I'm not sure how accurate of an answer anyone can give you. I expect a lot depends on what type of soil and what is encountered when the digging starts. This is just a guess on my part, but I would think that it could vary greatly.


----------



## Guest (Apr 21, 2006)

around $4000


----------



## Alter (Apr 8, 2004)

> I'm not sure how accurate of an answer anyone can give you. I expect a lot depends on what type of soil and what is encountered when the digging starts. This is just a guess on my part, but I would think that it could vary greatly.

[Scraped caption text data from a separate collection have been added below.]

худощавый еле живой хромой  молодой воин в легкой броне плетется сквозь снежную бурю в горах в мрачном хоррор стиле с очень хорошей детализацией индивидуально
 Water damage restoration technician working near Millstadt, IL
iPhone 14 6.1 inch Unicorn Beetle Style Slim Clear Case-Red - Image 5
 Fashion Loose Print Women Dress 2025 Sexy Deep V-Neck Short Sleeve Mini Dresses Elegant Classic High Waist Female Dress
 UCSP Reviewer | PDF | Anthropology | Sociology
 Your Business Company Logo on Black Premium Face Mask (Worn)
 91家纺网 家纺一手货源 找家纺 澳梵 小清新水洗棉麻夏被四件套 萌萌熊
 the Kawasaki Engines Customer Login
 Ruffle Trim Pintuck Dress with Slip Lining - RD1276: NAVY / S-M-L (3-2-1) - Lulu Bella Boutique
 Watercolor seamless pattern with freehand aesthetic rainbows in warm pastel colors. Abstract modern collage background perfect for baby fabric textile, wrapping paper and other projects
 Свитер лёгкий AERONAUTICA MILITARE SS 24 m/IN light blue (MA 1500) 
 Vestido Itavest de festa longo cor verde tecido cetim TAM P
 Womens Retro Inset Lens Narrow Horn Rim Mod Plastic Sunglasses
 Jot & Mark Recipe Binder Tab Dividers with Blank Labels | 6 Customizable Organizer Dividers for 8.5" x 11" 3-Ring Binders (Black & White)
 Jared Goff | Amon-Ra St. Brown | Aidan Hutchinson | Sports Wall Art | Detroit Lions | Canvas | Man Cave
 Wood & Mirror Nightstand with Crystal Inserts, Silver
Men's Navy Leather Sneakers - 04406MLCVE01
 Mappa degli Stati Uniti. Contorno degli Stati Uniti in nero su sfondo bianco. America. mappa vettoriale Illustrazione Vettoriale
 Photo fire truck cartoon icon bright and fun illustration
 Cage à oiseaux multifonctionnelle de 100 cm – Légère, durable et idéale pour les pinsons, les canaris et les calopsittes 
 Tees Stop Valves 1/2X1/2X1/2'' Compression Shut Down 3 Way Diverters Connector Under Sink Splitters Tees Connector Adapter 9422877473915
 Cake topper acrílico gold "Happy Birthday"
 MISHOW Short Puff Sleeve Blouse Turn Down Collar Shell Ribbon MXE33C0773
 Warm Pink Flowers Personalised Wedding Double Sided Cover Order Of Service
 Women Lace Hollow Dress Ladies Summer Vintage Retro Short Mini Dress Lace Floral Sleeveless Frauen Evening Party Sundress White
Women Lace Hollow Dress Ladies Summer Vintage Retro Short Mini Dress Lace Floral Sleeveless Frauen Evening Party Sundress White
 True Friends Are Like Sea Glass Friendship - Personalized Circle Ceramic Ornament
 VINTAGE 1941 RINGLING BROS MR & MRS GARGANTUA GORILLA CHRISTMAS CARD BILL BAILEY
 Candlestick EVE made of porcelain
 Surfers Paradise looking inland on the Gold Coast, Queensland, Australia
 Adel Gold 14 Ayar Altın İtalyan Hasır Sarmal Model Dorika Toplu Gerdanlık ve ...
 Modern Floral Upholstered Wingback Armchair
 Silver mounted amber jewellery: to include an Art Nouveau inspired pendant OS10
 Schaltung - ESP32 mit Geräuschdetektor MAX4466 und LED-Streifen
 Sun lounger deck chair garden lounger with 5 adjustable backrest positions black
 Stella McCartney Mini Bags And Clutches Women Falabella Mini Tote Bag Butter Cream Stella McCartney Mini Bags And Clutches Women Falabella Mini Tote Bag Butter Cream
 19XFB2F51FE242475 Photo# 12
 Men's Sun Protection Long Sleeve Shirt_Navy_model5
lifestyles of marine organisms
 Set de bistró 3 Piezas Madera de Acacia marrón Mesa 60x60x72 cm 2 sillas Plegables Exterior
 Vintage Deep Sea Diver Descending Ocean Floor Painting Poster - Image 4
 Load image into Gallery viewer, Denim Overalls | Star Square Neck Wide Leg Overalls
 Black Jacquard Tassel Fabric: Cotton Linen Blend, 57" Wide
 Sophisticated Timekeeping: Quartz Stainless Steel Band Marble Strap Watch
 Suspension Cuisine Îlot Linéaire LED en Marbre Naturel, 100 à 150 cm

I'm really not looking for an accurate answer. I'm just trying to get a vaque idea of what others have actually paid or what people in the construction business would charge so I can start to set aside a budget for the work. As with any construction job I'm sure things will cost more than I think they will so I'll set aside extra cash for cost over-run but I need a high-end ballpark figure to make sure I set aside enough $ in the overall budget. From the little research I've done, and from Traphunter's reply (thanks), $5000 seems to be a reasonable guestimate for this job but I want to make sure I'm not grossly underbudgeting the job. There are some other, less important, projects I'd also like to have done to the home and property. Right now I'm trying to figure out which projects can be done now and which will wait. 

Thanks for the input guys, keep it coming.

Steve


----------



## Salmonid (Apr 14, 2004)

While Traphunters quote seems low, it is possible that if the land is in a swale and that low spot has only a little bit of topsoil on it and is packed with clay like materials under it, then in a perfect world, that would be possible but unlikely based on the 3/5 acre pond Im having escavated right now at my place. Granted i did not pay this price but was told this is what it would have cost me to do it and that was 24-26k but.........my pond is 12 feet deep, is all clay so it all has to be dug by escavator vs buldozed, and my soil was marginal claylike soils so they have to pack every inch of it multiple times as well that this is a pond that has a 6:1 dam ratio so there is lots of extra clay moved to the dam to make it easier to mow as well the dam itself is on 2 full sides of the pond so it is about 500 feet of dam. So as you can see, cost will vary greatly depending on how perfect the site is. Anything you can do yourself will help reduce the costs greatly as well such as renting a bulldozer for the weekend, 250 bucks, and push all the topsoil to one side so the escavators can come in and start digging. Dont forget Diesal feul is up so all companies will use that as a point ot keep the prices high even though off road diesel really isnt all that expensive since there are no emissions controls on it ( its red feul if you ever see that) 
I hope this helps and feel free to contact me if you have any specific questions. 
Dont forget extra costs like grass seed on dam after there done, stocking costs of about 4-500 bucks, Fencing to keep the white trash neighbors-livestock out. I have an additional cost of about 4-5K for a well to keep it full.

Salmonid


----------



## M.Magis (Apr 5, 2004)

Well, I can tell you that we had well over $10,000 in ours. That's nothing but the hole itself. However, our situation was probably much different than yours.


----------



## Net (Apr 10, 2004)

In 2003 I was given an estimate of $14k to construct a one acre pond and also to solve a minor drainage problem on our property. I got laid off shortly after that so we didn't pull the trigger. I just started calling pond builders again last week. Should have my first estimate within the next week or so. 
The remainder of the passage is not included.